__ACTIVITY__. In the entries that follow, find the line containing "Xbox One X Impecable Completa + Juego Físico" and the line containing "Snapshot of bruna_safadinhaa", then copy exactly everything from the first through the second except the pictures.

__DATA SECTION__.
====
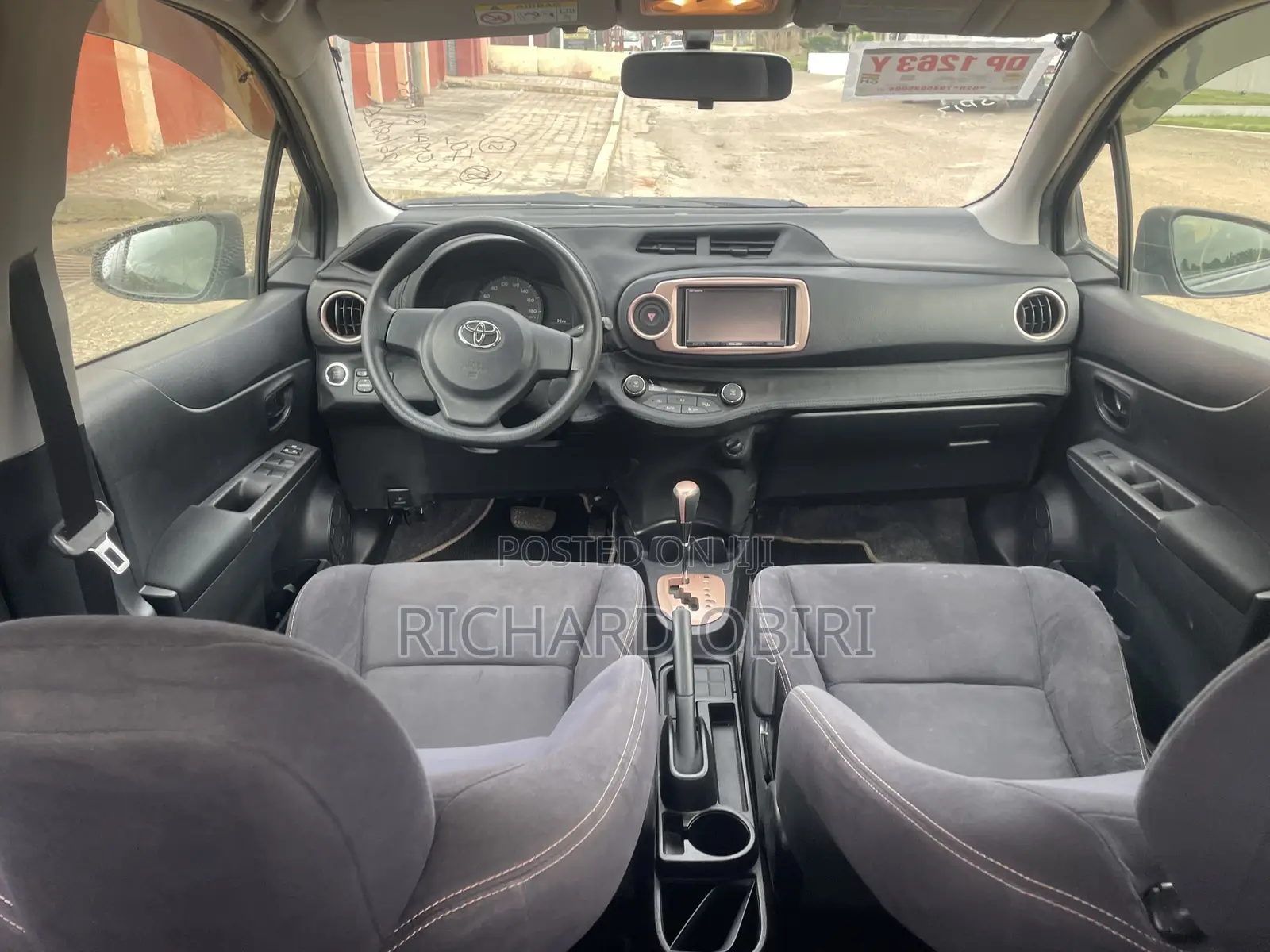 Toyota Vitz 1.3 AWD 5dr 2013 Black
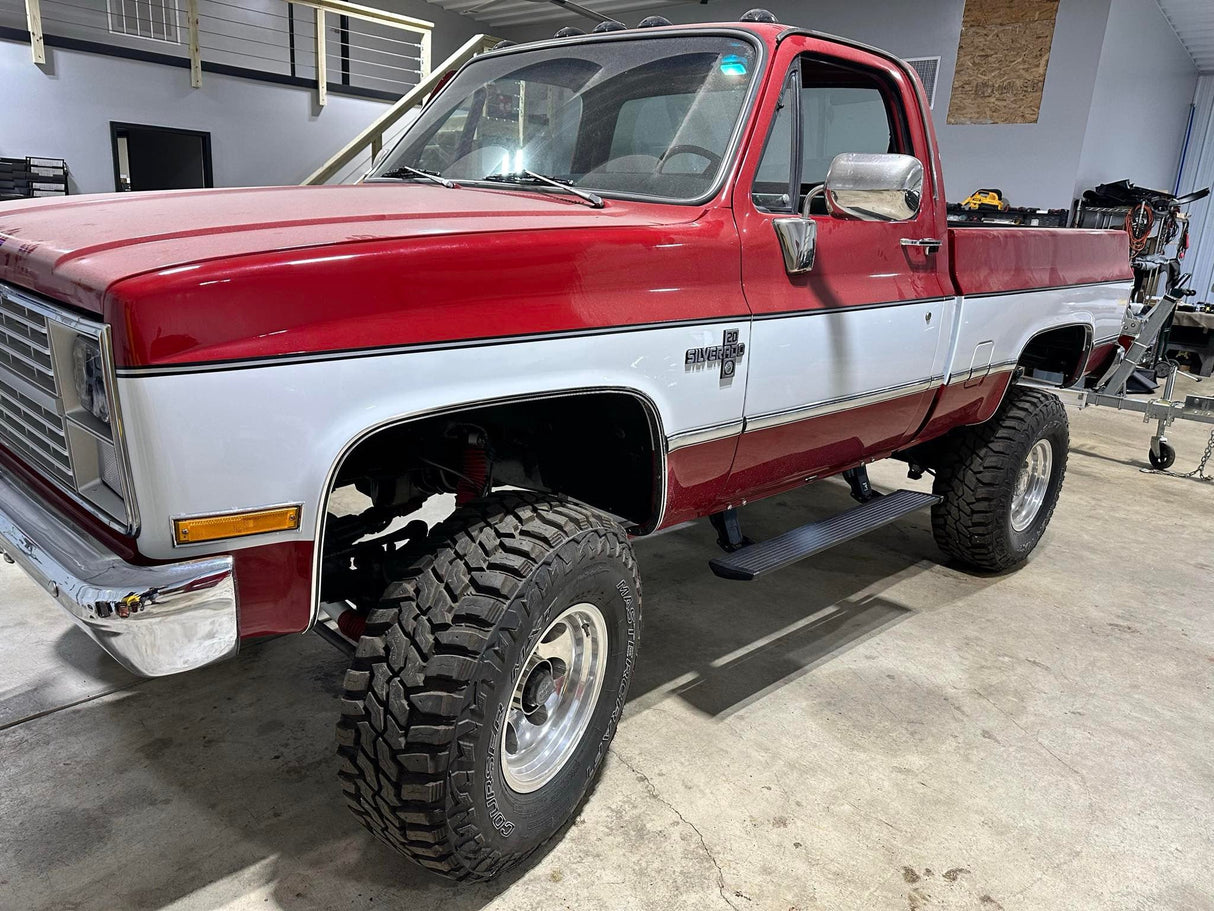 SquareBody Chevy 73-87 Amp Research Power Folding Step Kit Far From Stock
====
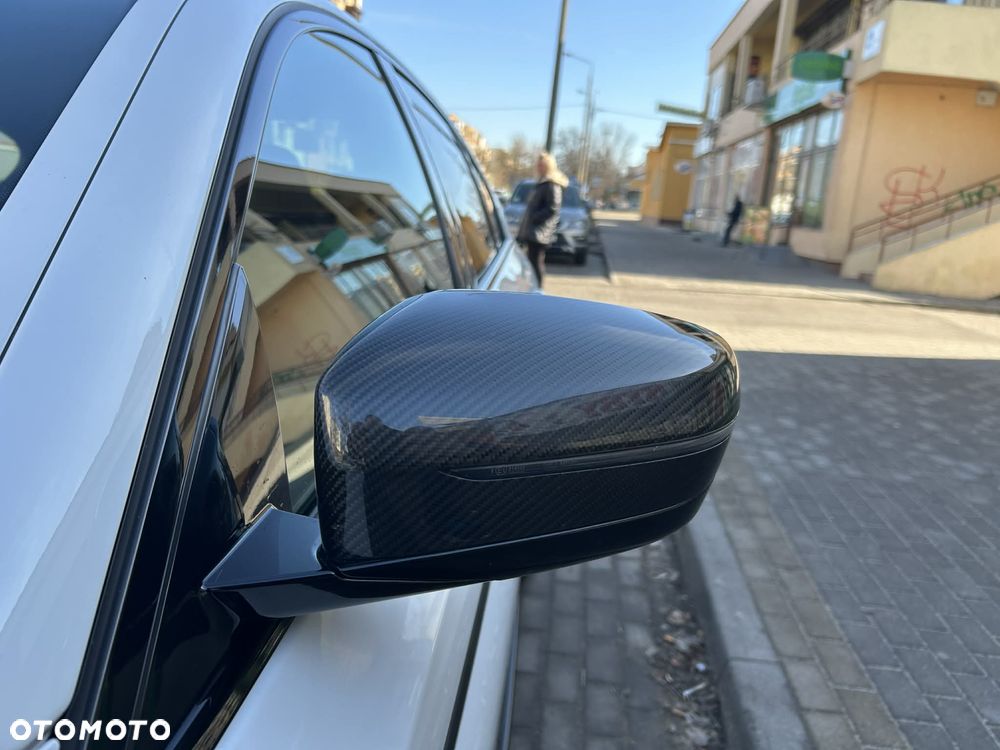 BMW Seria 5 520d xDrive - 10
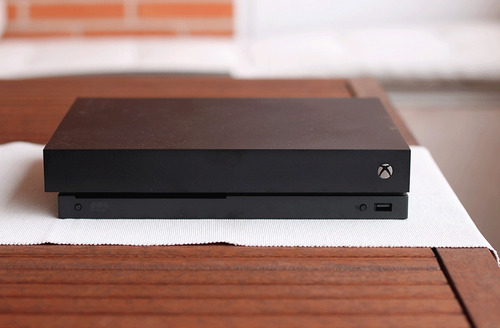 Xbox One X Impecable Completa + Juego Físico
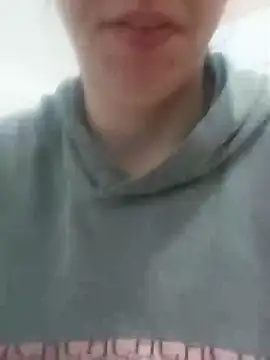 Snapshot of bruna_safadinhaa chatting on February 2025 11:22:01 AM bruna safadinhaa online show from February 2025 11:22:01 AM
====
__RESULT__.
 Xbox One X Impecable Completa + Juego Físico
 Snapshot of bruna_safadinhaa chatting on February 2025 11:22:01 AM bruna safadinhaa online show from February 2025 11:22:01 AM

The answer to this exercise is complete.